TRY IT –
The answer must consist of each line below that contains the string "download".

(Collected data entries)
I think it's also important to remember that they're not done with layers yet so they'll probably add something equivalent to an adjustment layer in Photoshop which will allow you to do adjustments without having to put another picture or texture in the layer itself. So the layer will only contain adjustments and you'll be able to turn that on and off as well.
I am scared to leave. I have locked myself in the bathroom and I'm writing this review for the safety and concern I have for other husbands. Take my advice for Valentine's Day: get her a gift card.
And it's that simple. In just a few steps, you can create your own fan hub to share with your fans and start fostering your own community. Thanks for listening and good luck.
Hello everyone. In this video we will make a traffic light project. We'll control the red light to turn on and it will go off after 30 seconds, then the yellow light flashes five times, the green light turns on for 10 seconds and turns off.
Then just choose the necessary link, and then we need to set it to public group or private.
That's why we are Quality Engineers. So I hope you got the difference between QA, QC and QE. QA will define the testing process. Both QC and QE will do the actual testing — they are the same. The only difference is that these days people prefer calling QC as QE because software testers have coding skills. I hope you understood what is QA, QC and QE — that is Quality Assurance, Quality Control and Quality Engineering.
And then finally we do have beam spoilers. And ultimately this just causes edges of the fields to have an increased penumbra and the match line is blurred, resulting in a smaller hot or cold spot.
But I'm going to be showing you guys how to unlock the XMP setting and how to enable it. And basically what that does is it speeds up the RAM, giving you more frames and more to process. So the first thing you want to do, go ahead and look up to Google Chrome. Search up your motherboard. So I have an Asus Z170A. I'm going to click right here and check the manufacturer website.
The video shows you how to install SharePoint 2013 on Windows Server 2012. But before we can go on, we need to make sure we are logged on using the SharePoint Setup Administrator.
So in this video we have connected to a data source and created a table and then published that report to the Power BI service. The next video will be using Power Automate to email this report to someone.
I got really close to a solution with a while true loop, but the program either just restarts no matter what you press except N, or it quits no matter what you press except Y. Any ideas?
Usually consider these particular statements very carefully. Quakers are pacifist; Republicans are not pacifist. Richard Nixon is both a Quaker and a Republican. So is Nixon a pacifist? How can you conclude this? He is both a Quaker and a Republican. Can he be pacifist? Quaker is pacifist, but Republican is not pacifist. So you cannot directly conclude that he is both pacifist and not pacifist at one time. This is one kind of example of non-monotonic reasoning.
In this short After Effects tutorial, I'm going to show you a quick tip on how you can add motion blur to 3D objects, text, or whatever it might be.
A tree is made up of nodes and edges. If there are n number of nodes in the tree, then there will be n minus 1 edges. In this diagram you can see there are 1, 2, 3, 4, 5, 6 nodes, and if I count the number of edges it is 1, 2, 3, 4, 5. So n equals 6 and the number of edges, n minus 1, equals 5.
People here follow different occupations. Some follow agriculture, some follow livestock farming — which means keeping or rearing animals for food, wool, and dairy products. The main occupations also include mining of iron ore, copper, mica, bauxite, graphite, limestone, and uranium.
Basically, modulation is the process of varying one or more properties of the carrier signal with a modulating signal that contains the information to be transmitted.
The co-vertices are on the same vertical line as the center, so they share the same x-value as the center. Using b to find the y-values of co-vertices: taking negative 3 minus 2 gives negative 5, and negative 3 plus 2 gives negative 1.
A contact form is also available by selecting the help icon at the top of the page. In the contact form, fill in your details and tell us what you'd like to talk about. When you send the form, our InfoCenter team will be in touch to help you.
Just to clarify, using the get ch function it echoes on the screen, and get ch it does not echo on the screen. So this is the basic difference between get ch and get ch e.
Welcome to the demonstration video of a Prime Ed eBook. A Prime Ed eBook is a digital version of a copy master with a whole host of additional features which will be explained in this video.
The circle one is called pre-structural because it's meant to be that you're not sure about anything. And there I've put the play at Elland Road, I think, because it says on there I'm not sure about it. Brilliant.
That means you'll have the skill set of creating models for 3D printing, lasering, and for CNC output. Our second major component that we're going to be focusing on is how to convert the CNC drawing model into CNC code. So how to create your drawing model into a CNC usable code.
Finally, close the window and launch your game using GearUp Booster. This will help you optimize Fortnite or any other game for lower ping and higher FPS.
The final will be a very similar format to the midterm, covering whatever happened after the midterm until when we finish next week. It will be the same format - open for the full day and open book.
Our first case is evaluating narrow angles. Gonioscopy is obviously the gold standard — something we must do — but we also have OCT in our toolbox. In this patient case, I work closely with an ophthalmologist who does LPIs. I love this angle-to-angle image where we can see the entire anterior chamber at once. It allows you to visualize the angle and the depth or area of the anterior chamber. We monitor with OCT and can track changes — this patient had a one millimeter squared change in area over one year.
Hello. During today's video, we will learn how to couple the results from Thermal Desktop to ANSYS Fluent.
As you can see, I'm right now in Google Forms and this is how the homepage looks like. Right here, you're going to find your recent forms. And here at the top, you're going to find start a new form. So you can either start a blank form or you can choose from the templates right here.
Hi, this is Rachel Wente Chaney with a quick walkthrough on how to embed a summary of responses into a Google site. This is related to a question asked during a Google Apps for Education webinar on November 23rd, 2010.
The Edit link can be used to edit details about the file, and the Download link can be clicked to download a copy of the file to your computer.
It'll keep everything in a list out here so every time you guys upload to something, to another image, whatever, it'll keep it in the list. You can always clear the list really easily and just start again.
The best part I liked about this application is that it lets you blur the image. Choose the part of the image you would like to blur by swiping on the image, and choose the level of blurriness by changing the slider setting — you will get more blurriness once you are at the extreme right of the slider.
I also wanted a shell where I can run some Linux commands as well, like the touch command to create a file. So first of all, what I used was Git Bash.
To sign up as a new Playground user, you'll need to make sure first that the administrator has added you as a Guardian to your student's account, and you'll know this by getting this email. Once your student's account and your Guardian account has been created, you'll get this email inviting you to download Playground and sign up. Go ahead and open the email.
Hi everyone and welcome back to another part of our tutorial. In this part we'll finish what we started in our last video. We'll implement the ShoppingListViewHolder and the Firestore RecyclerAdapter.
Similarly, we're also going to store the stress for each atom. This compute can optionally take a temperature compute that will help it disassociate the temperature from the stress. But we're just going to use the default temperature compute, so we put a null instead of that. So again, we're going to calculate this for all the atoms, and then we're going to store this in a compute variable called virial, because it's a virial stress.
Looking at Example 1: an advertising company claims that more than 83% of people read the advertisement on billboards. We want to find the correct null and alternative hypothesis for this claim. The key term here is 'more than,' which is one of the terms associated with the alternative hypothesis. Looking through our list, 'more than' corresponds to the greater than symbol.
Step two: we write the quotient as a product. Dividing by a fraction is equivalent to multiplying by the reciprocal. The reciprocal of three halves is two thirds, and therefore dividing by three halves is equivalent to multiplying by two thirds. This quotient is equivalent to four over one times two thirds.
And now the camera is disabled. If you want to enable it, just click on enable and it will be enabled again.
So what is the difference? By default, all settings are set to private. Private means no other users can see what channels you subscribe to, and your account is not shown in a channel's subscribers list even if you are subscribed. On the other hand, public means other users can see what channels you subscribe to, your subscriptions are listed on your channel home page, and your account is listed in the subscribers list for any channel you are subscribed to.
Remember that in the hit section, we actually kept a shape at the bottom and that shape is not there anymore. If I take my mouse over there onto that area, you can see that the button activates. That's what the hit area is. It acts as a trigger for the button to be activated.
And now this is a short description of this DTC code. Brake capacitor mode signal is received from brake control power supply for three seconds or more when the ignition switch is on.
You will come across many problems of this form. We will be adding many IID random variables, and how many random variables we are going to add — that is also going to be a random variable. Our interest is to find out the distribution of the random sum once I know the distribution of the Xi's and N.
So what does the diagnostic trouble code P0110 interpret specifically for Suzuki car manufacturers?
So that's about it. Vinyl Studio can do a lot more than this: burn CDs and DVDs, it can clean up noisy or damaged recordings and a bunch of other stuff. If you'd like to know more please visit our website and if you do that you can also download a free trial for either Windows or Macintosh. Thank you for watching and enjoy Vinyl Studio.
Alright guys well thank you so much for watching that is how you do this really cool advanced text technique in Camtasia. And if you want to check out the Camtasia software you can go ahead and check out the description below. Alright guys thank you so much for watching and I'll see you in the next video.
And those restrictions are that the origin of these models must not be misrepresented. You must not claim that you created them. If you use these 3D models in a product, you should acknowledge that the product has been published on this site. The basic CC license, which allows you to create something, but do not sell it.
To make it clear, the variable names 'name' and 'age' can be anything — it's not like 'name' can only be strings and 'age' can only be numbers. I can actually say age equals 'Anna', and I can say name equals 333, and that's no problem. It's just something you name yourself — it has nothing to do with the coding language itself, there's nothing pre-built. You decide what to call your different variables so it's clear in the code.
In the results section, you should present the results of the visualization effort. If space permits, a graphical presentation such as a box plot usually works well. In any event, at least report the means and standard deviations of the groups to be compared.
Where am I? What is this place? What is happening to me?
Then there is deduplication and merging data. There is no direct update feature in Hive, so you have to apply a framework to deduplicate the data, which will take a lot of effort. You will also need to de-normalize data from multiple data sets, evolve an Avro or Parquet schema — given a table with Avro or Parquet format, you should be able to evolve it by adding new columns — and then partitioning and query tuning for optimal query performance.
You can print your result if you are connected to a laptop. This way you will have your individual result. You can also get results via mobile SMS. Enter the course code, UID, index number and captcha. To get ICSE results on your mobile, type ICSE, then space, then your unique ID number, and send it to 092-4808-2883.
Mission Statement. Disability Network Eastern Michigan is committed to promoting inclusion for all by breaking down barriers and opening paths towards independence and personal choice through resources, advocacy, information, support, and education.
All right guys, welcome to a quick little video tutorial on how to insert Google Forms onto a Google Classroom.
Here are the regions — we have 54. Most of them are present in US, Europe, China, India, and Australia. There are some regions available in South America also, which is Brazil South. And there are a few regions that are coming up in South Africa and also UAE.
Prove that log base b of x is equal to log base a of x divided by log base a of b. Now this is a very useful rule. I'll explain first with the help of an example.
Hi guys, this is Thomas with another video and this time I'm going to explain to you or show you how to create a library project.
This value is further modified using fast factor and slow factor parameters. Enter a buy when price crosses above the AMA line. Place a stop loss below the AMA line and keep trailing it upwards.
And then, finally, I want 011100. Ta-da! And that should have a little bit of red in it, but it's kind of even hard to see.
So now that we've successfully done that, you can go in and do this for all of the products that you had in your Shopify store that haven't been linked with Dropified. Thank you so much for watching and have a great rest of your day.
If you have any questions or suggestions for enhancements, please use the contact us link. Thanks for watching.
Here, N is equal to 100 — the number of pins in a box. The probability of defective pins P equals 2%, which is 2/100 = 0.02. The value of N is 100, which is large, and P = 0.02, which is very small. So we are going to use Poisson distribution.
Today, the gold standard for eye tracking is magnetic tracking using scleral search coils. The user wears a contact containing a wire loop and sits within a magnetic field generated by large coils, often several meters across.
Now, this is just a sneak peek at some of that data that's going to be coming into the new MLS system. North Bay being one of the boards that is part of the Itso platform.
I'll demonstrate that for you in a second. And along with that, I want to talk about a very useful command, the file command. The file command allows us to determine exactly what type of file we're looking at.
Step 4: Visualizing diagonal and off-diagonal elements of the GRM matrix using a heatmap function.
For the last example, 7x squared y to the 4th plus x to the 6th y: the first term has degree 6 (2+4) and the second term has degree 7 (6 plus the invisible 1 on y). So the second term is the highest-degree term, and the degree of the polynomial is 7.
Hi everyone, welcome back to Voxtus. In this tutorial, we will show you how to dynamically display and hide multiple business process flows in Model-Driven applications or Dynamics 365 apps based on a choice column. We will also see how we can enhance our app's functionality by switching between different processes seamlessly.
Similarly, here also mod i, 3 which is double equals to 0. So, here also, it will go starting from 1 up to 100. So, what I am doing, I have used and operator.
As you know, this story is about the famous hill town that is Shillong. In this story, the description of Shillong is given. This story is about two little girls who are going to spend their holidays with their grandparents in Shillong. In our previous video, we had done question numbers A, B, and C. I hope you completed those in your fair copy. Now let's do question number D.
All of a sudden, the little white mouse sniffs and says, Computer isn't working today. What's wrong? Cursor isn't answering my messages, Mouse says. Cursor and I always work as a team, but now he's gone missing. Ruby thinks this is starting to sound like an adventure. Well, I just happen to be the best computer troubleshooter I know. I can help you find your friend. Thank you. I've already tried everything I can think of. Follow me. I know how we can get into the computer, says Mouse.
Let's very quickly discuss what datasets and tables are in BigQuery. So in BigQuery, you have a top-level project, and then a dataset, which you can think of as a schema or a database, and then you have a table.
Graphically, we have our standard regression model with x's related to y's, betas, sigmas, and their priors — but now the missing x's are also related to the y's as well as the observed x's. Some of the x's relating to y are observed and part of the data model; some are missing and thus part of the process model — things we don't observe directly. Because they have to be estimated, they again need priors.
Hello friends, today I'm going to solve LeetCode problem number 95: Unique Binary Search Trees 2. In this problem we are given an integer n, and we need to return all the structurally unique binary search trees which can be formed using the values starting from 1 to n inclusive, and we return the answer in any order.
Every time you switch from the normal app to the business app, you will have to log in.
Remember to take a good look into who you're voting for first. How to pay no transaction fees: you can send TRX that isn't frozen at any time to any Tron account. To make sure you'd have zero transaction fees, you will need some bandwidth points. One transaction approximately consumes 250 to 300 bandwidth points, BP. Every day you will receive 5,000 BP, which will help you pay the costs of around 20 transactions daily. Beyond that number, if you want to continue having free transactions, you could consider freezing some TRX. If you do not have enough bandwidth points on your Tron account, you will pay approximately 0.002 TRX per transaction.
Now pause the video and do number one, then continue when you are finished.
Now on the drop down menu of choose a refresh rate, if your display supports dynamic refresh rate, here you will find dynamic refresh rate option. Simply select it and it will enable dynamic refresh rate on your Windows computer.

EXPECTED OUTPUT –
The Edit link can be used to edit details about the file, and the Download link can be clicked to download a copy of the file to your computer.
To sign up as a new Playground user, you'll need to make sure first that the administrator has added you as a Guardian to your student's account, and you'll know this by getting this email. Once your student's account and your Guardian account has been created, you'll get this email inviting you to download Playground and sign up. Go ahead and open the email.
So that's about it. Vinyl Studio can do a lot more than this: burn CDs and DVDs, it can clean up noisy or damaged recordings and a bunch of other stuff. If you'd like to know more please visit our website and if you do that you can also download a free trial for either Windows or Macintosh. Thank you for watching and enjoy Vinyl Studio.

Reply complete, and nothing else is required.